**SUPPLIED DATA:**
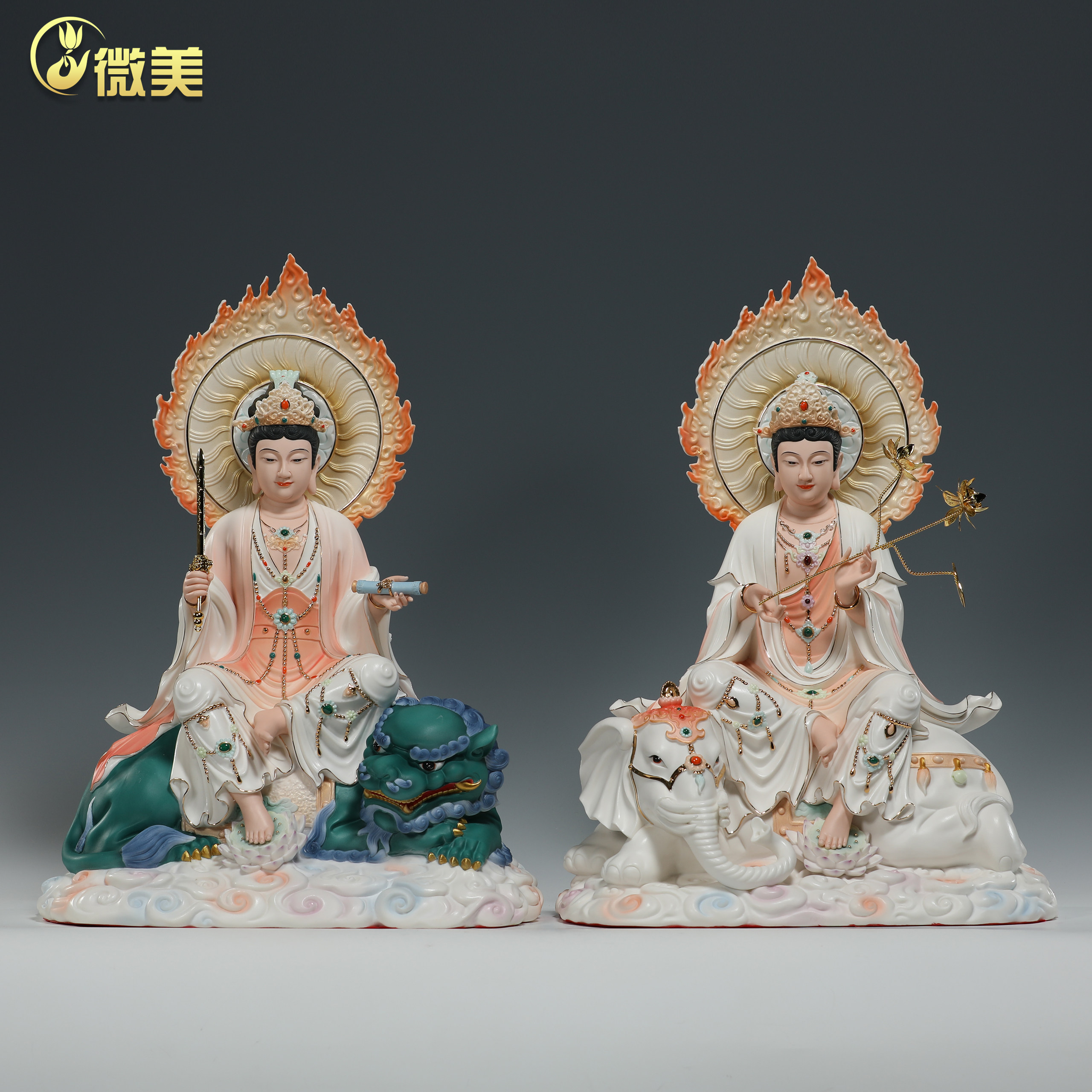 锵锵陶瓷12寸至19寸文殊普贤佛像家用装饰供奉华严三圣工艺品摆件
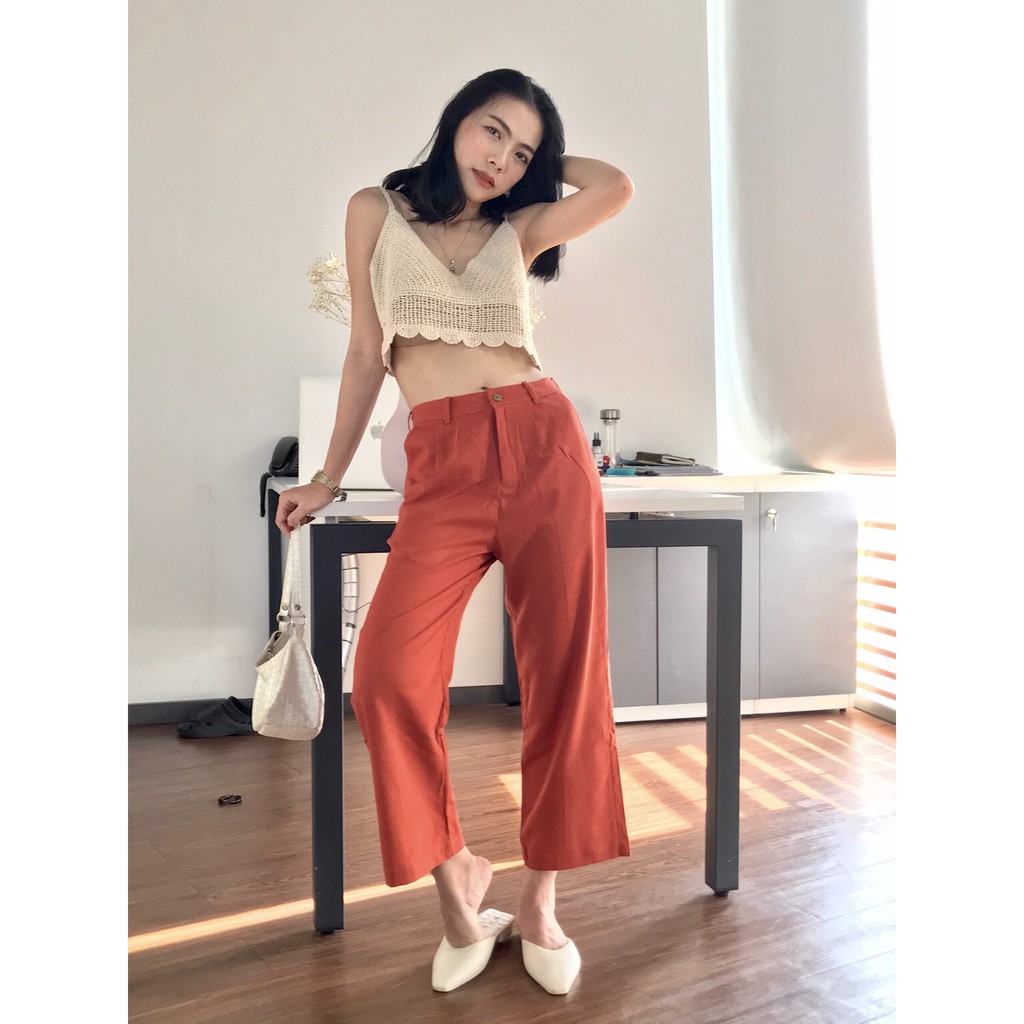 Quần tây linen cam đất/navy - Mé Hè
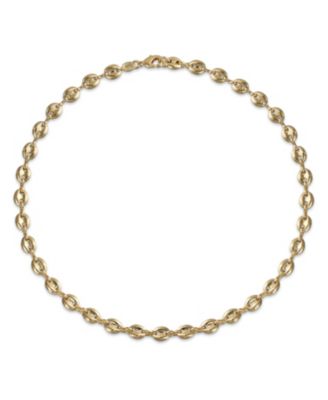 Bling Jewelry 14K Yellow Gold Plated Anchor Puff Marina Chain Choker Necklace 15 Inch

**DIRECTIONS:** Leaving every picture aside, repeat the listing exactly.

**WORKED SOLUTION:**
 锵锵陶瓷12寸至19寸文殊普贤佛像家用装饰供奉华严三圣工艺品摆件
 Quần tây linen cam đất/navy - Mé Hè
 Bling Jewelry 14K Yellow Gold Plated Anchor Puff Marina Chain Choker Necklace 15 Inch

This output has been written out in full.